Atkinson v. State Tax Commission

1 Or. Tax 558
CourtOregon Tax Court
DecidedMay 11, 1964
StatusPublished
Cited by2 cases

This text of 1 Or. Tax 558 (Atkinson v. State Tax Commission) is published on Counsel Stack Legal Research, covering Oregon Tax Court primary law. Counsel Stack provides free access to over 12 million legal documents including statutes, case law, regulations, and constitutions.

Bluebook
Atkinson v. State Tax Commission, 1 Or. Tax 558 (Or. Super. Ct. 1964).

Opinion

Peter M. Gunnar, Judge.

This is a suit to set aside defendant’s Opinion and Order I-63-44 assessing additional corporation excise tax against plaintiff for its tax years 1957 and 1958. Defendant demurred to plaintiff’s complaint. This demurrer is now before this court and the parties agree 'that the determination of this demurrer will dispose of the case.

Plaintiff is a large international construction concern. In Oregon it operates two manufacturing divisions, Willamette Iron & 'Steel Company and Bingham Pump Company. These divisions are engaged in manufacturing, processing and assembling materials into finished products for purposes of sale and maintain their plants in Oregon.

In its 1957 and 1958 excise tax returns, plaintiff claimed the personal property tax offset allowed by ORS 317.070. Subsection (2) of that section allows the offset to corporations described as follows:

_“(2)(a) Each corporation * * * which is primarily engaged in manufacturing, processing or assembling materials into finishing products for purposes of sale * *

Plaintiff acknowledges that substantially more than one half of its international business is construction contracting. However, its two manufacturing divisions did 60.56 per cent of plaintiff’s 1957 Oregon business *560 and 78.57 per cent of its 1958 Oregon business. In claiming the offset, plaintiff contends that the above-quoted definition refers to a taxpayer’s Oregon activities and not to all its activities wherever they take place.

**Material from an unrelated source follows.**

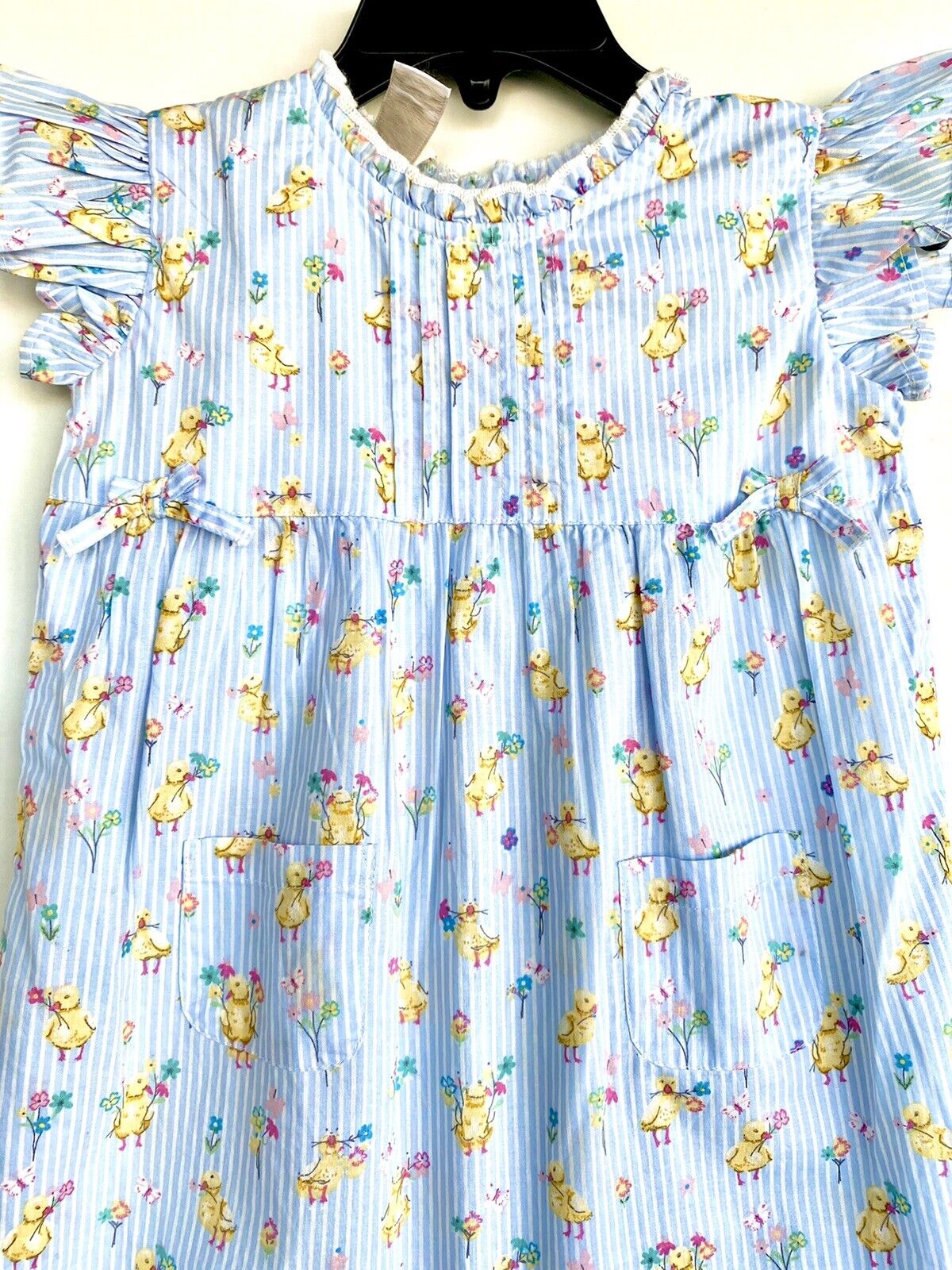 Monsoon London Chick Blue Stripe Romper 12-18 M Price $35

Defendant disallowed the claimed offset in its Opinion and Order because it found that the statutory language refers to the whole corporate activity, and that administrative determination of legislative intent was unwarranted because the statute was unambiguous.

Determination of this conflict in construction is unaided by precedent. The parties cite none. In his argument defendant’s counsel referred the court to House Bill 1823 of the Fifty-Second Legislative Assembly in 1963. Introduced by the 'Committee on Taxation, this bill sought to add to the above-quoted definition the additional qualification that the corporation “during the taxable year, maintained and operated in Oregon a plant engaged in such manufacturing, processing or assembling.” The bill was tabled in the House Committee on Taxation on May 20,1963. From its tabling defendant seeks to infer a legislative refusal to include plaintiff within the act’s offset benefits. Such inference is unwarranted. A bill’s tabling does not necessarily infer a refusal to adopt an amendment’s concept. Bills are tabled for many reasons, including a determination that the original language already provided what the amendment sought to accomplish. Futhermore, the amendment proposed in House Bill 1823 neither adds nor detracts from plaintiff’s eligibility, because plaintiff already maintains plants here. The issue in this case does not concern the maintenance of plants but the ratio of *561 plaintiff’s qualifying and nonqualifying business within and without Oregon.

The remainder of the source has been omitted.